**SOURCE DATA**
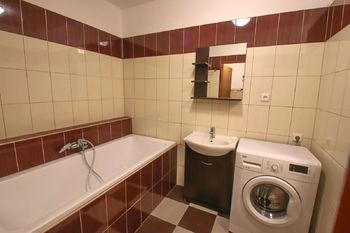 koupelna - Pronájem bytu 3+1 v osobním vlastnictví 70 m², České Budějovice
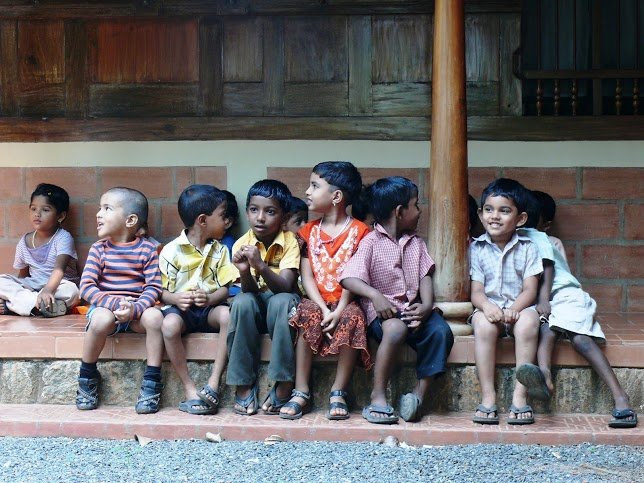 Nachhaltiges Reisen mit Kindern - Kinder in der Schule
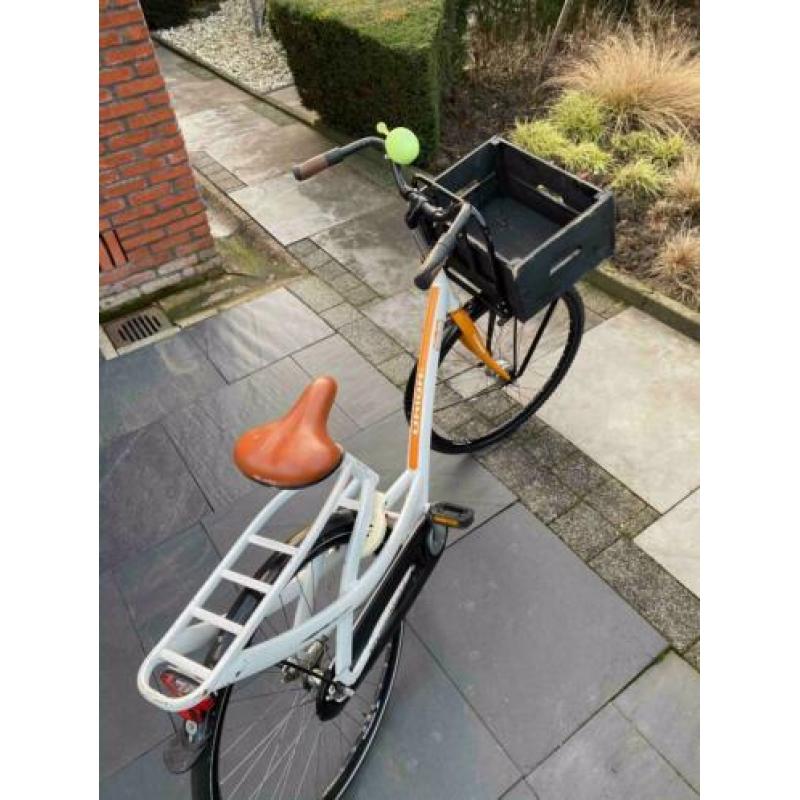 Dames stationsfiets Postcodeloterij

**TASK ITEM**
An exact, word-for-word version of the material is required, free of pictures.

**WRITTEN ANSWER**
 koupelna - Pronájem bytu 3+1 v osobním vlastnictví 70 m², České Budějovice
 Nachhaltiges Reisen mit Kindern - Kinder in der Schule
 Dames stationsfiets Postcodeloterij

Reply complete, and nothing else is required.